** Opening INPUT RECORDS block **
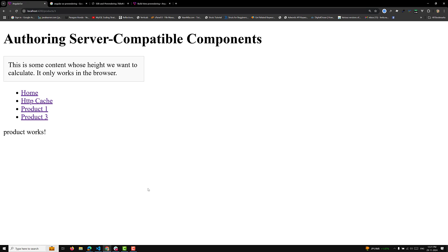This covers the basics of the pre-rendering concept in Angular 19. In the next video I will explain how to implement pre-rendering for dynamic routes. If you have any doubts or suggestions, post them in the comments below. If you found this video helpful, give it a thumbs up, like it, and subscribe for more Angular tips. Let me know in the comments if you'd like me to cover more advanced topics. See you next time, thank you, bye!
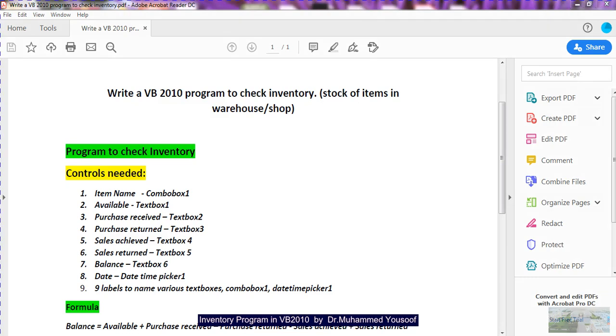Good morning students. Today we are going to see a new program in Visual Basic 2010. I have adapted a new approach to explain things in a different, easy way.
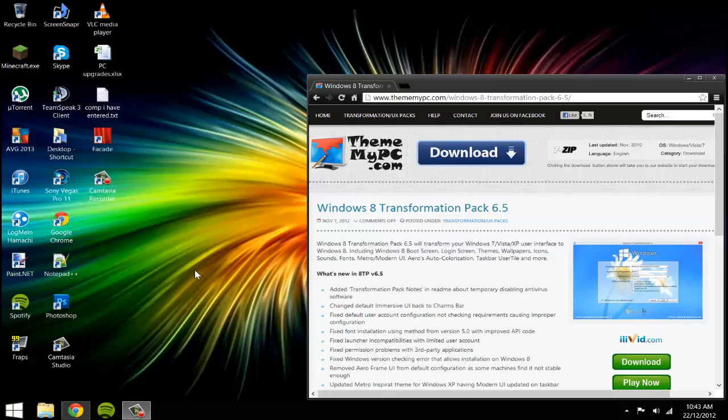Hey guys it's GhostFactZ channel and today I'm going to show you how you can transform Windows XP, Windows Vista or Windows 7 to look like a Windows 8 PC. It's a transformation pack, it's a very easy and simple installation and there is custom settings you can choose when installing it.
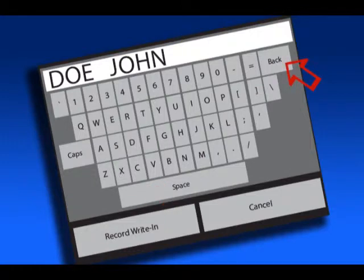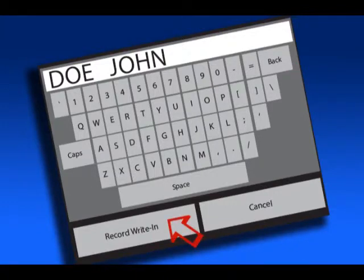If you would need to make a change, you can press the back button to do so. When you are finished entering the person's name, press record write-in.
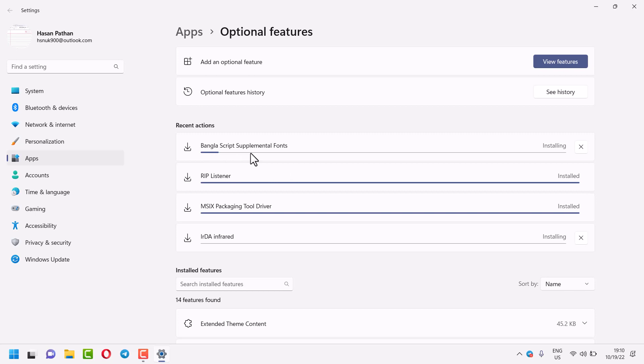And once this is complete, just reboot your system. If you are using Windows 10 or 11 PC or laptop, this is a simple method to enable and install Bangla script.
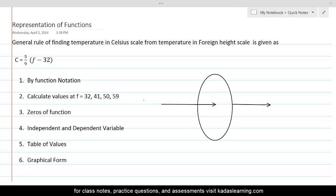In this lesson, we will learn to represent functions in a variety of ways and make ourselves comfortable with the terminology used in the description of functions. Let's get started with the question. The general rule of finding temperature in Celsius scale from temperature in Fahrenheit scale is given as C equal to 5 by 9 multiplied by F minus 32.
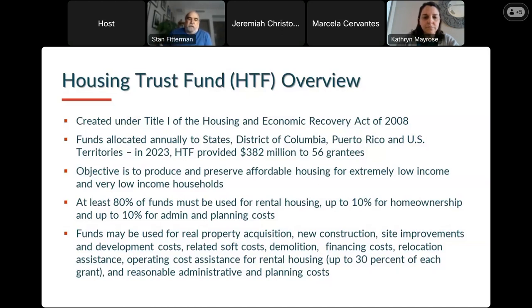Eligible uses include acquisition, new construction, site improvements, development costs, soft costs, demolition, and administrative and planning costs.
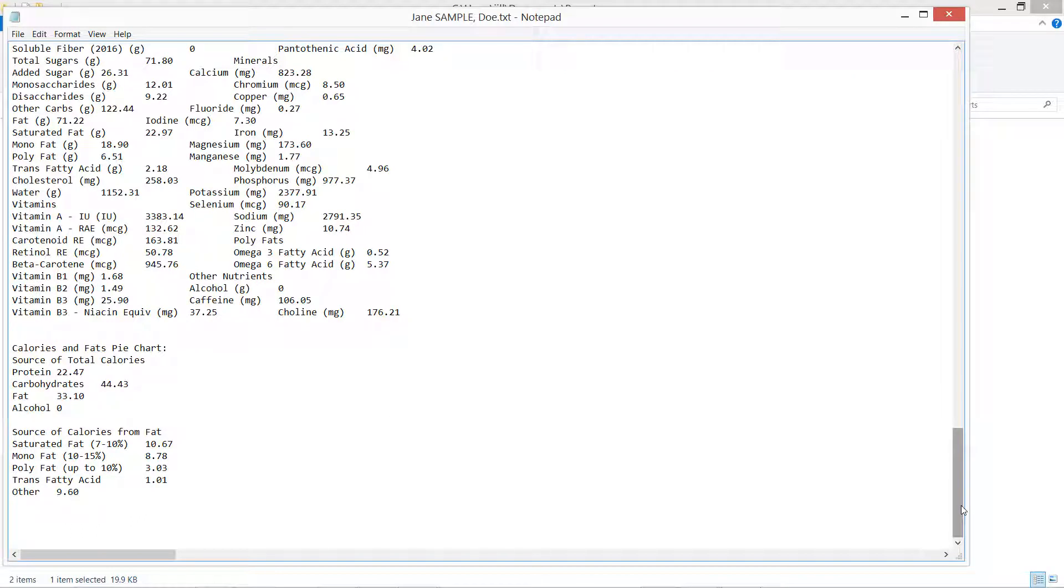And that is how easy it is to export information to text in Food Processor. Thank you.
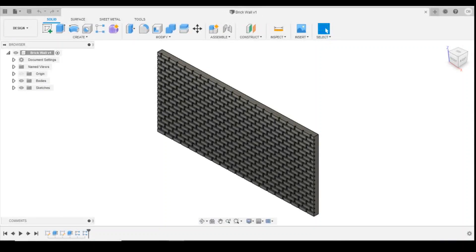Hello and welcome to lesson 9 of 3D Drawing Free Model Railway. In today's lesson we're going to look at learning tangent arcs, coincident constraints, patterns on a path and offsets. We're going to apply them by drawing a brick archway window in our brick wall that we drew last lesson.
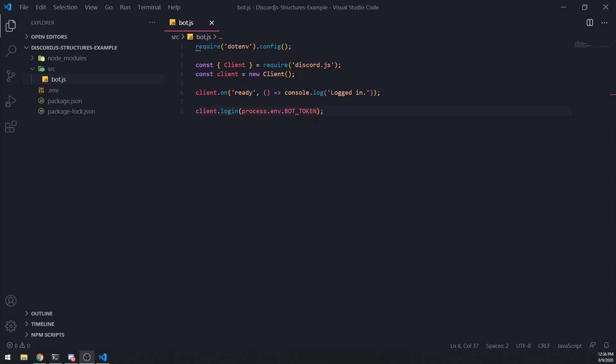Hey, what's going on guys? It's Anton. We're back with a brand new video and today I'm going to show you guys how to use Structures in discord.js. Structures are basically a concept in discord.js that allows you to pretty much extend upon a specific structure that's already part of discord.js.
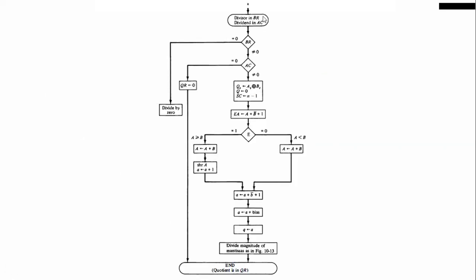Now we will see the division algorithm flowchart. We substitute the values of dividend and divisor into registers: the dividend goes into the accumulator and the divisor into BR. We check whether BR equals zero — if dividing by zero, we end. Otherwise we check the accumulator value. If it is zero, the output is also zero and we end. Otherwise both have values and we proceed. We check the sign bit AS XOR BS and put it in QS, then clear Q and count the number of bits in the dividend (say 6, so count = 6 − 1 = 5).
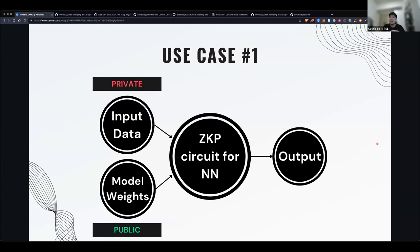On the bottleneck question: it's about not being able to compute very large proofs on client-side. That is still the biggest bottleneck of any ZKML application.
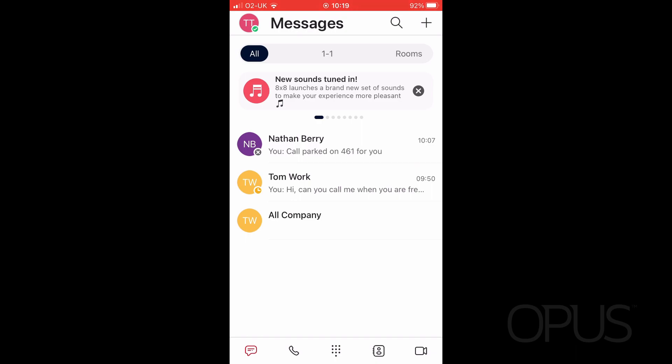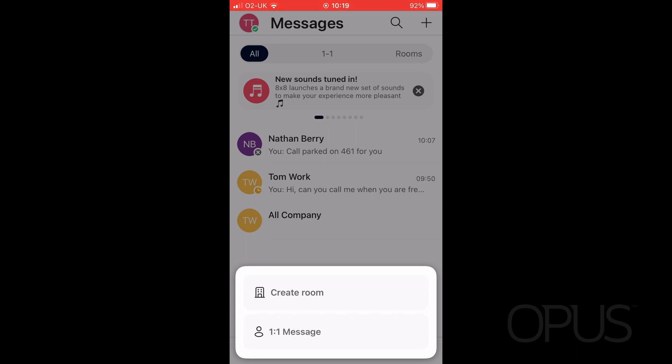From here you can toggle between all messages, one-to-one messages, or any chat rooms that you are a member of. If you want to create a new chat, all you need to do is select the plus icon in the top right-hand corner, and this will give you the option as to whether you want to create a room where you can invite multiple people, or if you just want a one-to-one message.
** Closing INPUT RECORDS block **
§ **EXERCISE AIM**:
From the records above, extract the lines from the one holding "Hey guys it's" through the one holding "In this lesson, we", word for word; omit the pictures.

§ **ANSWER TO THE PROBLEM**:
Hey guys it's GhostFactZ channel and today I'm going to show you how you can transform Windows XP, Windows Vista or Windows 7 to look like a Windows 8 PC. It's a transformation pack, it's a very easy and simple installation and there is custom settings you can choose when installing it.
If you would need to make a change, you can press the back button to do so. When you are finished entering the person's name, press record write-in.
And once this is complete, just reboot your system. If you are using Windows 10 or 11 PC or laptop, this is a simple method to enable and install Bangla script.
In this lesson, we will learn to represent functions in a variety of ways and make ourselves comfortable with the terminology used in the description of functions. Let's get started with the question. The general rule of finding temperature in Celsius scale from temperature in Fahrenheit scale is given as C equal to 5 by 9 multiplied by F minus 32.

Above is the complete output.